La vague de privatisations entamée depuis une vingtaine d’années se poursuit et menace la totalité des services et entreprises publics, sans exception. Les travailleurs, qui en sont les premières victimes, doivent faire de la lutte contre les privatisations un de leurs axes de mobilisation essentiels.

Article paru dans l’Egalité n°106

Le mouvement des privatisations, engagé en France depuis 1986, est poursuivi depuis avec constance par les gouvernements successifs, de droite comme de gauche. C’est un processus qui s’est développé également à l’échelle mondiale : les ventes d’entreprises publiques dans les pays de l’OCDE ont représenté 643 milliards de dollars entre 1990 et 2001. Les pays en voie de développement ne sont pas épargnés avec près d’un tiers des privatisations dans le monde. En France, les privatisations d’entreprises publiques ont  » rapporté  » près de 50 milliards d’euros à l’Etat depuis 1993, avec au total 2000 entreprises qui ont été privatisées. Mais ces  » bénéfices  » ne peuvent compenser les pertes d’emplois qui accompagnent ces privatisations : de 19,3% en 1986, les entreprises publiques ne représentent plus en 2000 que 7,8% du total des salariés.

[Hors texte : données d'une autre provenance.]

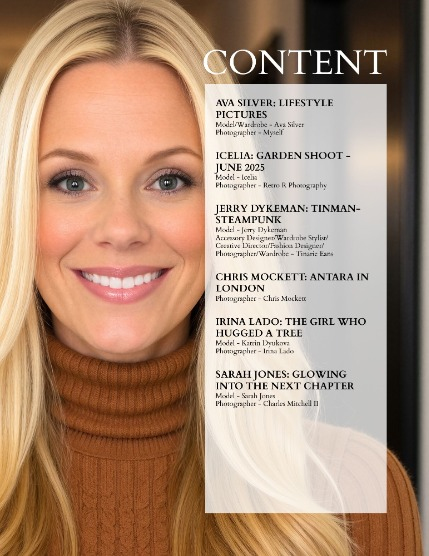 Bold & Beyond Fashion (Issue 1088 August 2026), page 2
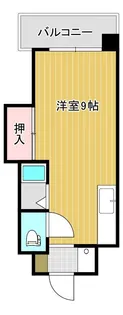 アゼリア【5階】の間取り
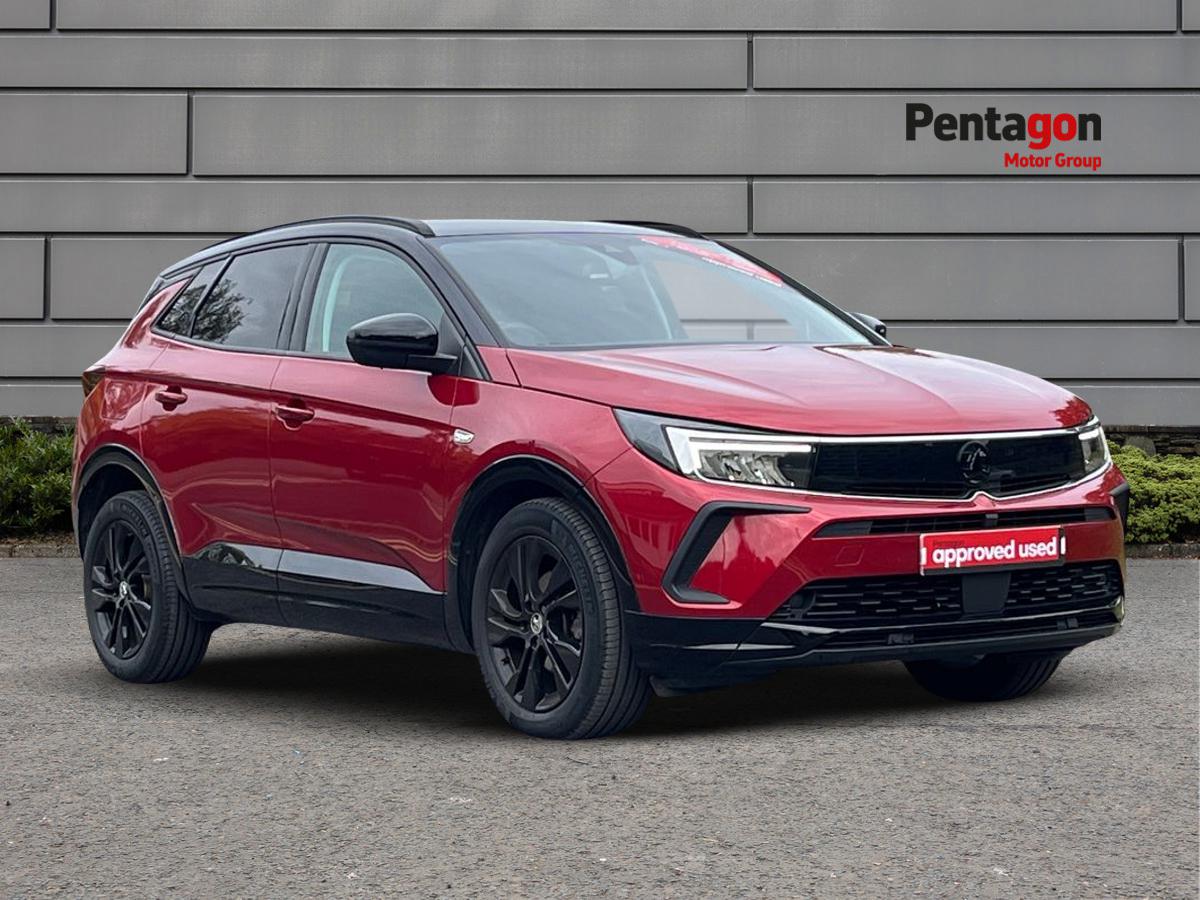 Main listing image - Vauxhall Grandland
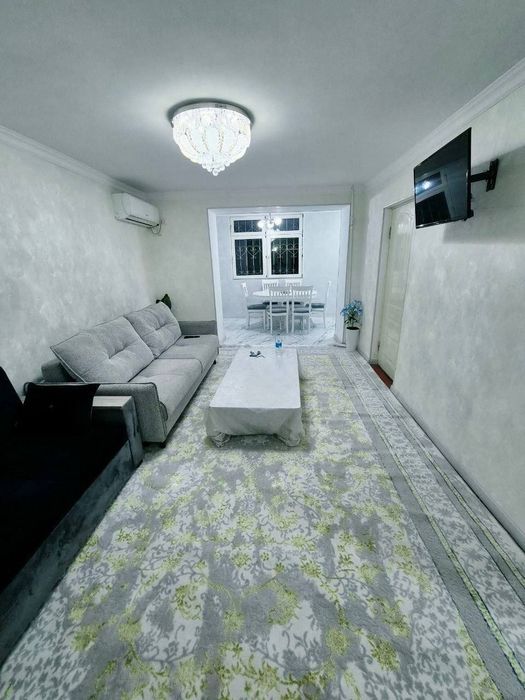 Продается 3х ком квартира, ориентир: улица Шота Руставели, 70м²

Selon l’idéologie libérale qui les accompagne, les privatisations rendraient les entreprises plus performantes, les services moins coûteux et mieux adaptés aux usagers (qui deviennent au passage des  » clients « ). Pourtant, c’est d’abord à la faillite économique que conduit la privatisation, faillite aux frais de l’Etat, des contribuables et des usagers. On assiste au contraire à une concentration des secteurs aux mains de quelques grands groupes, passant ainsi du monopole d’Etat à des monopoles privés, au service des profits. L’essentiel des privatisations a servi avant tout à alimenter le marché spéculatif, mais n’a contribué ni au fonctionnement rationnel de l’entreprise, ni au service des usagers. Par exemple, le secteur des télécommunications a représenté la moitié des privatisations réalisées dans le monde pendant la dernière décennie, puis ce marché s’est effondré, perdant 80% de sa valeur (et des centaines de milliers d’emplois : moins 200 000 rien qu’en 2000 aux Etats-Unis).

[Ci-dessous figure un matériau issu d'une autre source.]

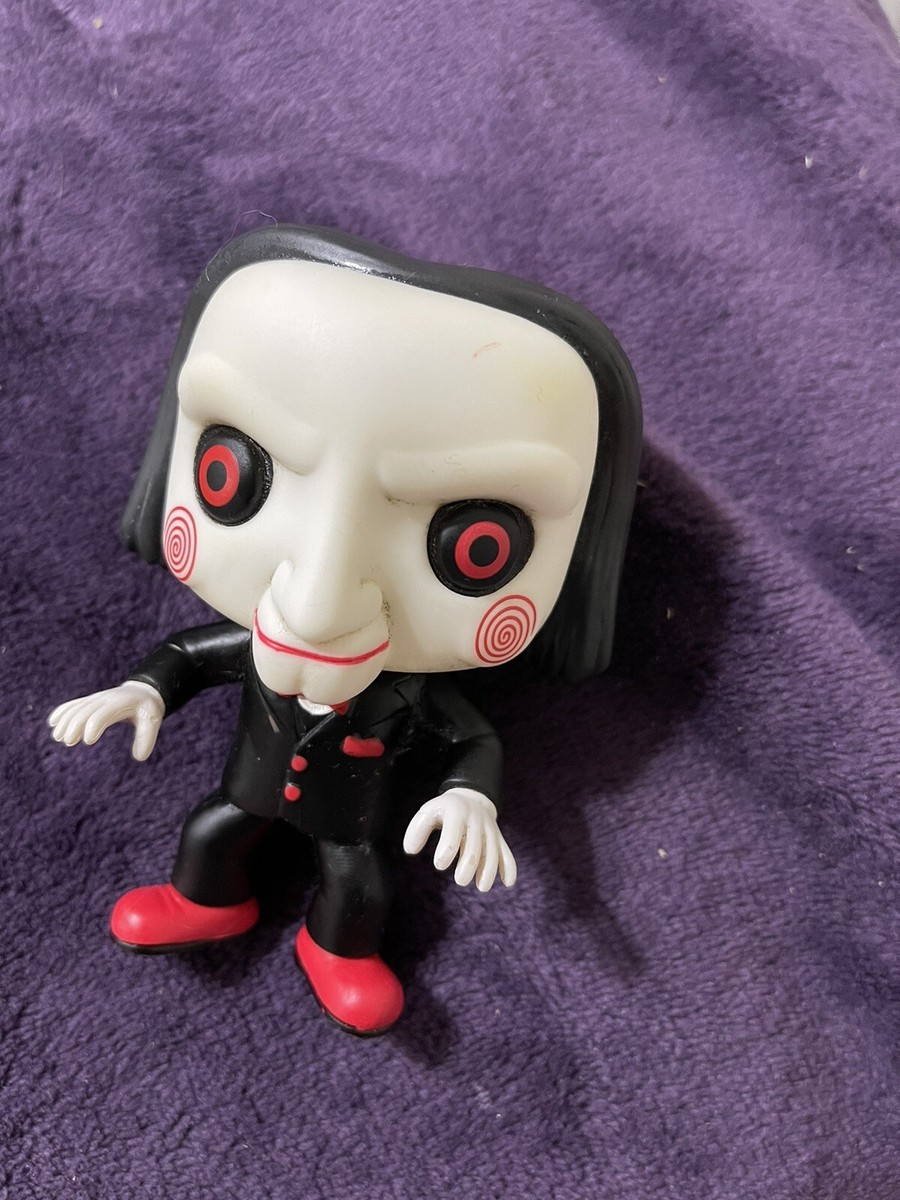 Funko Saw Jigsaw Billy Vinyl Action Figure - 3365 | eBay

Pendant ce temps, depuis 1997, le coût de l’abonnement à France Télécom pour les particuliers a lui été multiplié par trois.  » Oubliant  » leurs objectifs de services, les entreprises privatisées, pour tenter de maintenir un certain niveau de profit, mènent aussi une politique de production effrénée, menant à la surproduction (énergie, téléphonie mobile). Autre conséquence, les économies sur l’entretien et la maintenance, pour préserver les profits, ont des conséquences gravissimes, mettant même en jeu des vies humaines. Ainsi du train en Grande-Bretagne où depuis 1989 huit accidents graves (sans compter tous les autres) ont fait 35 morts et 369 blessés. Tout cela avec un prix du billet supérieur de 60% à la moyenne européenne.

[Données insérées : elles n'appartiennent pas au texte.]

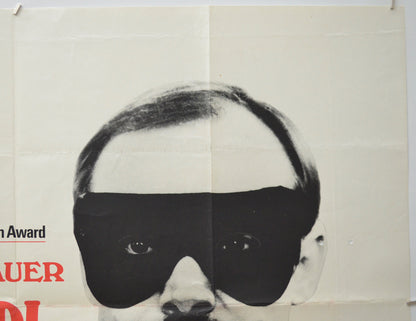 COLONEL REDL (Top Right) Cinema Quad Movie Poster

Les méthodes utilisées par les gouvernements successifs pour privatiser sont variables, en fonction des situations et des capacités de riposte des personnels : privatisation totale,  » ouverture du capital  » progressive (France Télécom), éclatement de l’entreprise (RFF pour la SNCF, bientôt RTE à EDF) ou sous-traitance de certaines tâches à des entreprises privées et création de statuts privés au sein de l’entreprise (38% des salariés de La Poste sont sous statut privé). Dans tous les cas, c’est la précarité qui fait son entrée massive dans tous les secteurs, c’est le chômage qui s’accroît, et c’est la qualité des services qui baisse.

L’ensemble des secteurs est aujourd’hui menacé : après le rail, La Poste, les télécoms, c’est EDF-GDF qui va être privatisée, ce sont la Santé et l’Education qui voient leurs moyens réduits et leurs secteurs rentables proposés au marché. Dans cette société inégalitaire, les services publics sont un acquis collectif pour lesquels les travailleurs doivent se battre. Personnels et usagers doivent lutter au coude à coude pour préserver les services publics, seuls garants du droit pour tous à la santé, à l’éducation et à tous les autres droits élémentaires. Seule une riposte commune et de grande ampleur pourra renverser la marche de la privatisation.